Joseph Simon Sleigher was born on 12th June 1922 in Drapeau, Province of Quebec, Canada and was the eldest son of Joseph and Marie (nee Savoie) Sleigher. He was known by his middlename of Simon. He had five sisters; Jeanne, Therese, Marthe, Simone and Gabrielle as well as six brothers; Raymond. Jean-Guy, Eugene, Jos, Regis and Edouard. His brother Raymond had also served in the RCAF during WW2. After leaving school in 1937 he attended a commercial collage in Dalhousie, on the northern border of New Brunswick until 1939 having gained a diploma in commercial studies. In 1940 he began working as an office clerk for the large International Paper Company, based in Dalhousie. The company was one of the world's largest newspaper paper mills at the time. He left this job in 1941 and later took up a job with Crawley and McCracken, at Chute a Caron, Quebec in 1942 also working as an office clerk.
He enlisted for RCAF service on 12th October 1942 in Montreal to train as aircrew (R/195216) and after training in Canada he was awarded his Air Gunners' badge on 25th June 1943. With basic training in Canada completed he left Canada on 16th July 1943 and arrived in the UK seven days later to continue his training. He was posted to 23 OTU at Pershore on 3rd August 1943 where he crewed-up with much of what became the "Evans" crew, they were then posted to Dalton on 15th September 1943 to attend the Battle School, and from Dalton they were posted to 1659 HCU at Topcliffe on 28th September 1943. With regular training completed he and the rest of David Evans' crew were posted to 434 Squadron 26th October 1943 and worked up to becoming an operational crew.
The photograph of Simon Sleigher shown above was taken after he had completed his eighth operational flight, the photograph was kindly supplied by 434 Squadron historian Mr Alan Soderstrom.

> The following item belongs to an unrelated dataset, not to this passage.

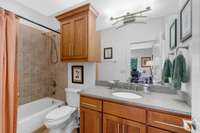 En-suite bathroom adjacent to the office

Joseph "Simon" Sleigher was twenty one years old when he was killed on the North Yorkshire Moors as a result of the crash of Halifax LL178 on 19th March 1944. He was buried at Harrogate Stonefall Cemetery, Yorkshire on 23rd March 1944. At the time of his death all correspondance listed him in the rank of Sergeant though he appears to have later received a back-dated commission to 3rd March 1944 to the rank of P/O.
A memorial in Nouvelle, Quebec, Canada commemorates Simon Sleigher's loss. In 2005 his brother Mr Raymond Sleigher organised a commemorative ceremony in Nouvelle. I thank a number of members of his family for kindly contacting me since this webpage was first created; firstly to his namesake Mr Simon Sleigher in 2008 and to Mr Guy Dugas and latterly to Mr Joe Landry in November 2012.